China lacks the credibility to lead the Financial Action Task Force – AEI – American Enterprise Institute: Freedom, Opportunity, Enterprise4th July 2019
China now holds the presidency of the Financial Action Task Force (FATF), the international anti-money laundering body created by the G7 in 1989. FATF has been instrumental in combatting terrorism financing and setting global anti-money laundering norms. With China at the helm, don’t get your hopes up for much progress on international money-laundering problems over the next year. Rather, we should focus on what we’re doing at home and plan for a future of greater cooperation with fellow rule of law democracies.
Authoritarian corruption is sometimes subtle — so slow and creeping that many don’t even notice it (see WTO). Sometimes it can be sudden, as was demonstrated last September when Meng Hongwei, the president of INTERPOL, an international policing body, disappeared on a trip to China. China held the presidency of INTERPOL until Meng “resigned” (read: disappeared) from the position, facing charges of “corruption” (read: not loyal enough to Chairman Xi). The Chinese Communist Party does not have a free press or an independent judiciary capable of conferring anything close to legitimacy in regard to the corruption charges. Furthermore, Meng’s wife says that she fears for her life, and she was recently granted political asylum in France. That should tell us all something.
I get it: nobody likes corruption. But it’s like humidity. It’s everywhere and in virtually everything, and it varies in matters of degree, location, and time. And like humidity, corruption can be mitigated in specific ways. Disappearing and jailing leaders of international institutions meant to confer legitimacy and stability is not the way to do it, especially if you don’t have the right domestic controls at home that people can use to decide things for themselves (like a free press, free speech, free and fair elections, independent judiciaries, the rule of law, and all that jazz).

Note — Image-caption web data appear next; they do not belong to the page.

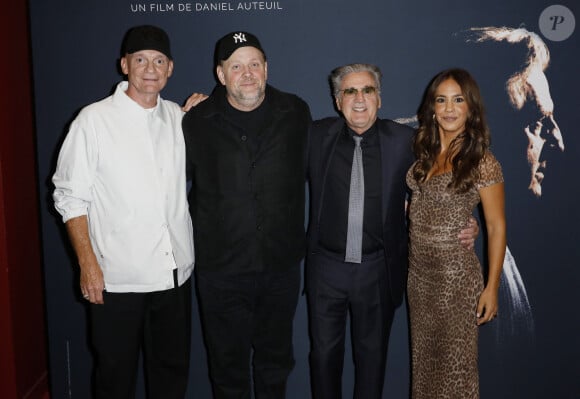 Gaëtan Roussel, Grégory Gadebois, Daniel Auteuil, Alice Belaïdi lors de l'avant-première du film "Le fil" au cinéma Arlequin à Paris le 9 septembre 2024.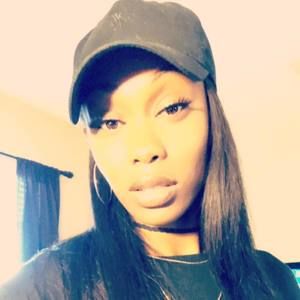 Meet your Posher, Dynese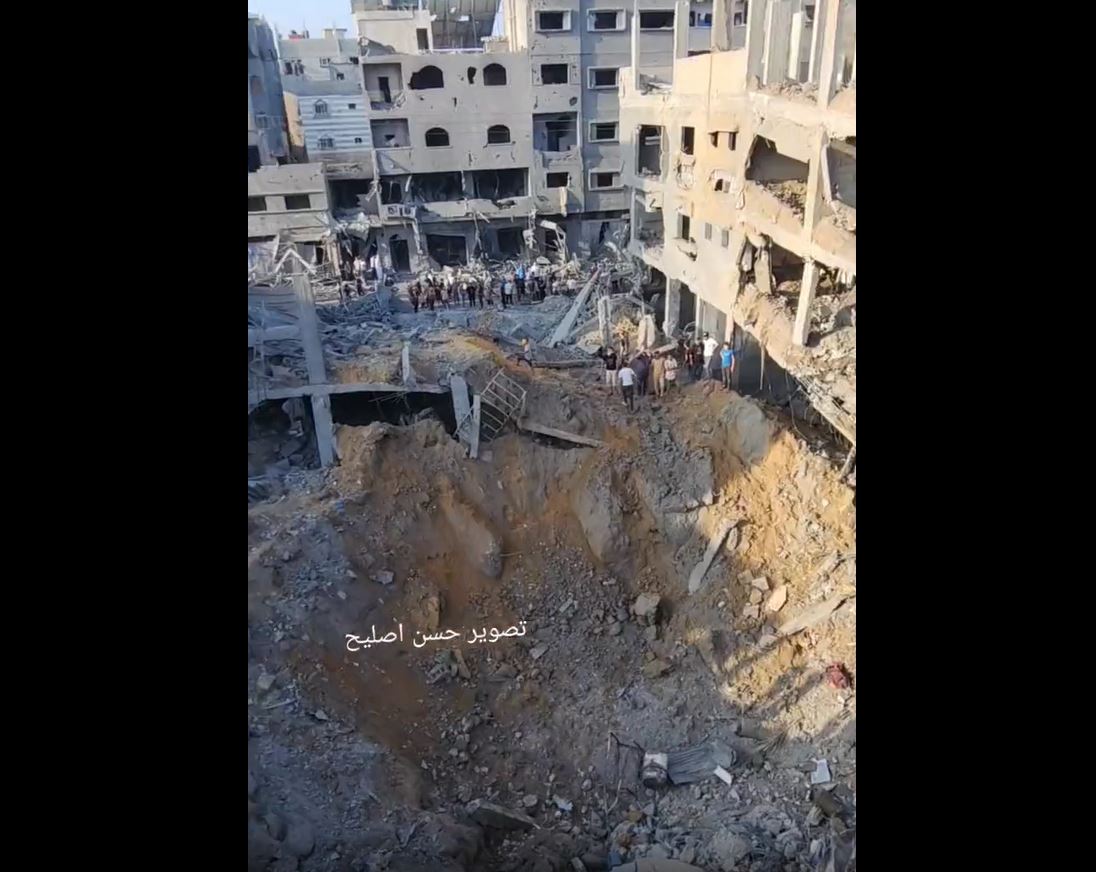 Video: Israeli warplanes destroy entire residential complex in Al-Maghazi, Gaza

The Chinese system of government, like all dictatorships, is a form of what I term “authoritarian corruption.” Again, similar to humidity, when the levels are high, it’s pervasive and affects everything. Authoritarian governments, on average, permit higher levels of corruption than democracies, and it’s only gotten worse since the end of the Cold War. But no anticorruption campaign, arrest, or agency can fix the root cause: a monopoly on political power (i.e. dictatorship).

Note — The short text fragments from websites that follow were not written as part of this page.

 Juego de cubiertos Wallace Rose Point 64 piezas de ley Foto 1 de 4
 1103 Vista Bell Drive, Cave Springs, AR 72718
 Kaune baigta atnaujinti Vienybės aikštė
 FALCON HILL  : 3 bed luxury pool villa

And this is why we should not expect much of any good to come out of the Chinese presidency of FATF. Under the US FATF presidency, Marshall Billingslea led the group in what will likely be a very long slog of identifying the risks and opportunities posed by virtual currencies. That’s likely to face an uphill battle, as China reportedly plans to eventually make its currency virtual (see Iran, Russia, Venezuela, and North Korea for more speculation on centralized crypto). I have suggested that FATF should begin systematically looking at trade-based money laundering (TBML). That’s highly unlikely under the Chinese presidency, as over 75% of seized counterfeit goods come from China.
You may say that the FATF presidency is largely symbolic, and you’d be correct. But symbolic gestures mean a lot these days, especially in places like Hong Kong (which, by the way, held the FATF presidency from 2001-2002 during which the organization expanded its mandate to combat terrorist financing after the 9/11 attacks). The bottom line: FATF shouldn’t be led by a member of the Communist Party. FATF was formed by the G7, a group created to address economic issues among developed, capitalist democracies. It should remain committed to that original goal.